A Maine Department of Health and Human Services call center in Wilton will remain where it is for another year after local lawmakers lobbied against the consolidation of jobs in a location an hour away, according to emails.
Health Commissioner Jeanne Lambew told staff that the lease of the Wilton building where around 45 staff would work would continue based on the landlord’s commitment to address space issues. Issues include repairing security doors and fixing ventilation in the building.
The development is a victory for the Franklin County Legislative Delegation, which communicated with Gov. Janet Mills’ administration about how a planned move to bring the jobs to Lewiston would put workers on a long commute. The closure plans were released publicly last month.

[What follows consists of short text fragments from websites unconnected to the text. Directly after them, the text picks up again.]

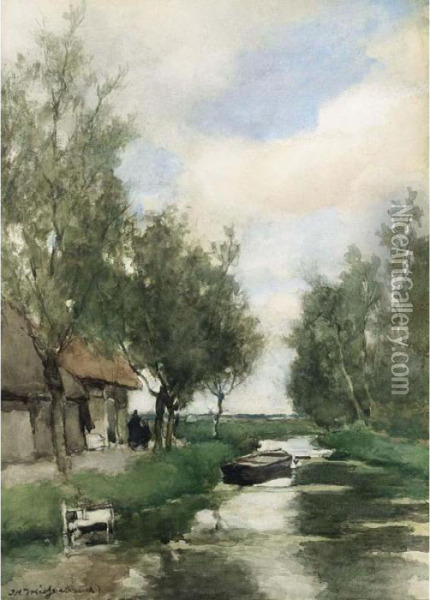 A Farm On The Waterfront Oil Painting - Jan Hendrik Weissenbruch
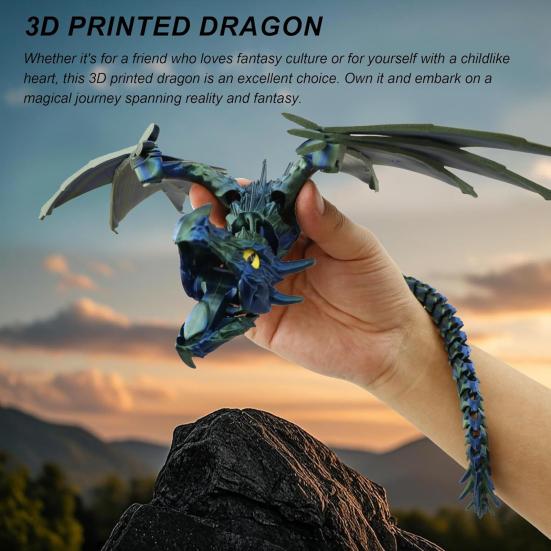3D Printed Flying Dragon Figurine Movable Joints Winged Dragon Figure Articulated Dragon Model Fidget Toy Desktop Decoration Ornament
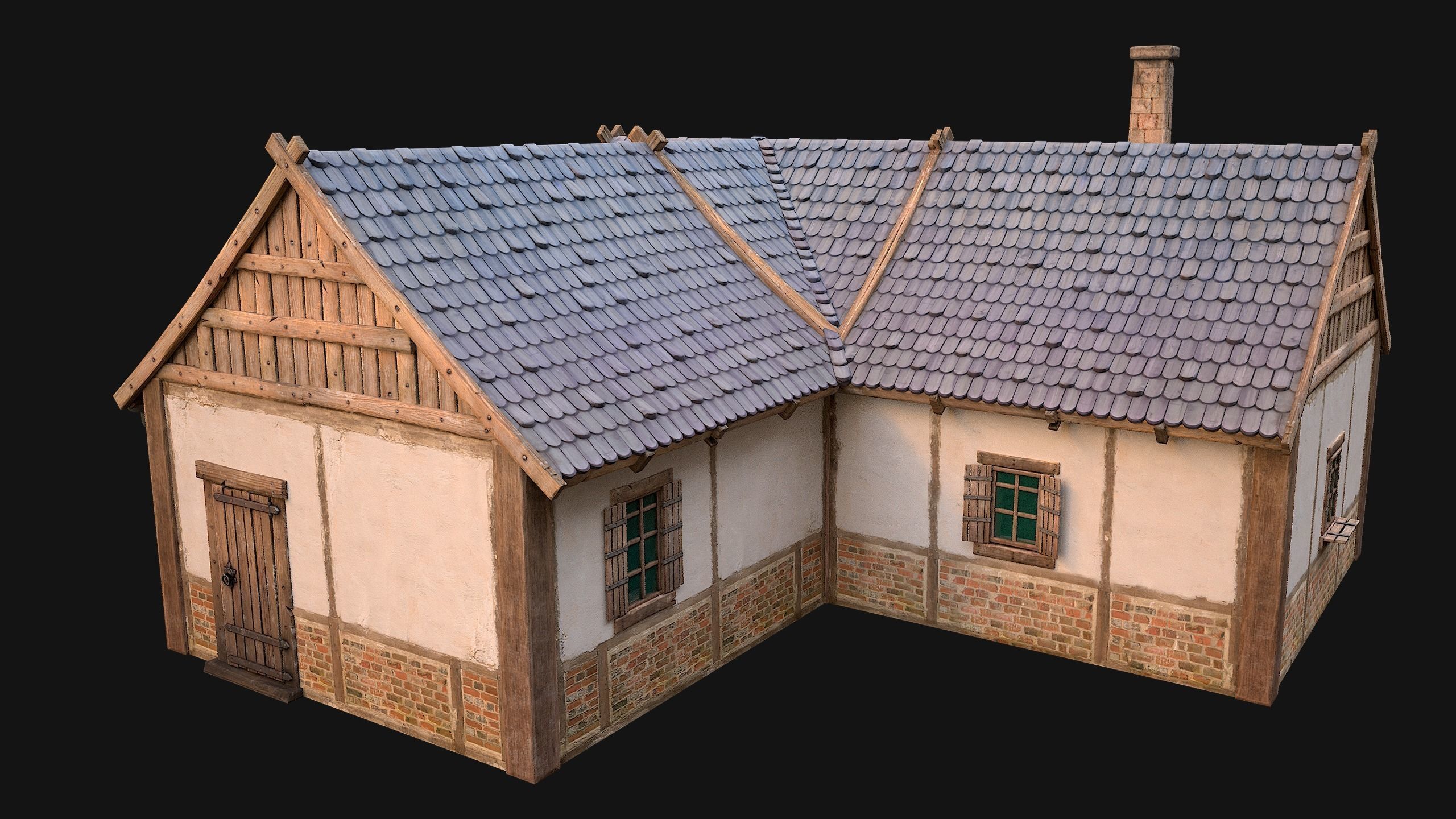 Medieval Buildings Set Low-poly 3D model_16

The center opened in 2019 shortly after Barclays left the region, taking 200 jobs with it. Sen. Russell Black, R-Wilton, Rep. Randall Hall, R-Wilton and Rep. Scott Landry, D-Farmington were briefed on the development Wednesday, according to emails.
“This decision reflects the administration’s goal of continuing to support the economy in rural Maine as well as its commitment to providing safe and adequate workspace for its workers,” Lambew said in an email.
Not all jobs may stay at the center during the pandemic. Lambew told staff that a “handful” of vacancies at the center will move to Lewiston due to overcrowding issues. The ministry will assess whether to continue the lease at the same location next year.
Lambew thanked employees for their work last week, noting that the call center’s original mission of answering questions about Medicaid expansion has also grown to perform contact tracing and case notification during the COVID-19 pandemic.
The news was cheered by members of both parties. Black, who drafted legislation to block the shutdown, said it was an example of the state’s willingness to protect rural workers.
Maine House Speaker Ryan Fecteau, D-Biddeford and Senate Speaker Troy Jackson, D-Allagash thanked the department for moving quickly on the matter, saying Black’s bill to keep the open center — which Jackson filed last week after a dispute with the Republican senator — would have taken longer and caused heartache for employees.
Real credit should go to state employees who stood up for each other, said Jeff McCabe, a former House Majority Leader who is now a spokesman for the state employees union.
“We’ve seen members become leaders and take collective action in their own hands to save jobs,” he said.
Correction: An earlier version of this story gave Jeff McCabe an incorrect position.